Oder gibt es gar eine neue taktische Ausrichtung?
Wir haben die Spiele der Herbstsaison, vor allem die internationalen Matches gegen die Topteams, umfassend analysiert, mit der Mannschaft besprochen und im Trainingsbetrieb eingearbeitet. Wesentlich ist dabei die taktische Balance, vor allem mit dem Ball. Auch der Aspekt, Tore mit aller Macht zu verhindern, oder die genaue Rollenzuteilung
in unserem Verteidigungsdrittel sind Themen, an denen wir arbeiten, um uns da zu verbessern. Aber unsere Art von Fußball, mit der wir ja sehr erfolgreich sind, werden wir nicht ändern.
SN: Sie haben verwundert, manchmal auch verärgert reagiert, wenn Kritik von Fans oder Medien kam, sobald ein Spiel einmal nicht perfekt gelaufen ist. Finden Sie diese hohe öffentliche Erwartungshaltung denn unangebracht?

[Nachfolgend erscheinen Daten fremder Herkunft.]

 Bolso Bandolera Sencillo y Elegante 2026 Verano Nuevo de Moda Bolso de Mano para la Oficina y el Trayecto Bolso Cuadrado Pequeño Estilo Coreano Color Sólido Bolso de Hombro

Wer im Profi-Fußball tätig ist, der muss mit Kritik leben, auch wenn sie nicht immer angebracht ist. Für mich zählt in erster Linie, dass unsere Spieler ihr Potenzial erreichen, wobei es meine Aufgabe ist, die Mannschaft zu Bestleistungen zu stimulieren. Wenn da alles passt, können wir gegen die besten Teams der Welt bestehen, wie wir das ja im Herbst auch getan haben.
SN: An der Ligaspitze ist es so knapp wie seit Jahren nicht mehr: Ist Salzburg nach wie vor Titelfavorit Nummer eins?
Es stimmt, dass etliche Teams vorn sehr knapp beisammen sind. Aber die wichtigsten Spiele kommen erst – die in der Meisterrunde. Auch da wird es dann wieder unser Ziel sein, jedes Spiel zu gewinnen, in dieser Phase entscheidet es sich dann.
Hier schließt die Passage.